Lisa’s breath caught, sharp and instinctive. “Showed you how?”
“Just like the dreams, in my mind. They’re moving the players they want like pieces on a board,” he said. “The girls weren’t frightened. They also aren’t just taking a meander through the lovely woods.” His mouth tightened. “They’re being drawn.”
Her shoulders squared immediately. “Drawn where?”
“To itself.” His eyes flicked briefly to the mirror, then back to her.
“It needs them, or whatever is inside needs them.” He thought back to all that he’d learned while traveling through the forest being thwarted by the magic.
“I think that Elora and Cassie are somehow the key to the Chamber being opened and what’s inside being set free. ”

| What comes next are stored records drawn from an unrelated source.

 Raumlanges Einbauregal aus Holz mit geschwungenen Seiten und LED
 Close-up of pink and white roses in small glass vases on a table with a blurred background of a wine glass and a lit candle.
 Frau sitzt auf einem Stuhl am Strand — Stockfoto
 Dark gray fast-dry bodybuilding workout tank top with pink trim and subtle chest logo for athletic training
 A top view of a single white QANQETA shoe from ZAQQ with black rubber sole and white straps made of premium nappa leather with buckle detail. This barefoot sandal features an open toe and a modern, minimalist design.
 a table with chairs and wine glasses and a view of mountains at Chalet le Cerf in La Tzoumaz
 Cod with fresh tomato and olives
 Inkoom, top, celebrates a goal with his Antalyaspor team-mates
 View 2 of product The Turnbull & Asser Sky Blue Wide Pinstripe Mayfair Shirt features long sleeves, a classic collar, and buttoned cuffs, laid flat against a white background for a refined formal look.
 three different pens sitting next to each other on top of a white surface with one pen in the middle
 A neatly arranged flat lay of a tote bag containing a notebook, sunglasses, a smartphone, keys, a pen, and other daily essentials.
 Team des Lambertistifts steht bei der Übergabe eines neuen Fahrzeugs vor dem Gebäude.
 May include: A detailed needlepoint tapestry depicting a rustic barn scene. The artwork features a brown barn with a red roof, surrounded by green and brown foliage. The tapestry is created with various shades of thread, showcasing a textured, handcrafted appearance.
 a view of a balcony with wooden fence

Lisa swore under her breath. “Of course Elora is smack dab in the middle of this. I swear she attracts trouble like manure attracts flies.”
A corner of his mouth twitched despite himself. “I’m sure she’d appreciate the analogy."
Lisa snorted. “Being compared to a pile of crap? Yes, she’d no doubt have few choice things to say.”
Silence settled between them, heavier now, weighted with implication. Lisa paced a few steps, then stopped, turning back to him, her back straightening, not defensive, just bracing.
“And me?” she asked quietly. “How do I play into all of this, besides the fact that I’m going after my daughter and her best friend.”
Rezer didn’t argue the fact. He wasn’t letting her out of his sight, even if he didn’t like the idea of her near the stone door he’d been seeing in his dreams. “Those things in the Chamber, whatever they are, showed me you. Not as bait,” he said immediately.
“Not exactly. More like leverage it hadn’t decided whether to use yet.
” His hands curled slowly at his sides. “It wanted me to understand what it could take if I stepped out of line. It called you collateral.” His jaw tightened at the memory.
Lisa laughed once, sharp and humorless. “That’s comforting.”
“I’m done waiting to see what else is revealed to me. This Chamber of Light and Dark, the inhabitants, they messed up,” he replied. “Bringing you into the picture? That was the moment it miscalculated.”
Her eyes narrowed. “Rezer—”
“No,” he cut in gently but firmly. “Listen to me. It doesn’t get you. It doesn’t get to think about you. Whatever game it believes it’s playing ends the second it reaches toward you again.”
She searched his face, clearly trying to decide whether this was possessiveness, fear, or something more dangerous. “And if it doesn’t stop?” she asked.
His answer came without hesitation. “Then I dismantle it. Piece by piece. Chamber, forest, anchor—whatever is hiding behind it all.”
“That’s not exactly reassuring,” she said.
“It’s not meant to be,” he replied. “It’s meant to be final. I should have acted sooner. But I was passive and let this go on for way too long.”
Rezer exhaled slowly, the breath more for show than relief. He didn’t have the luxury of relief. Not with the realization that he should have acted sooner, and not with the Chamber’s voice still riding the back of his skull like it owned the space.
Lisa stared at him for a beat, then lifted her chin. “So what’s the plan, General Doom? I mean, besides dismantling an entire realm, that can’t happen until my kids and friends are safe, fyi. But, in the meantime, what are we doing?”
His first instinct was to argue. His second was to lock the door, wrap her in every ounce of magic he possessed, and bury her so deep the Chamber couldn’t find her if it tore the realm apart. Neither instinct was useful.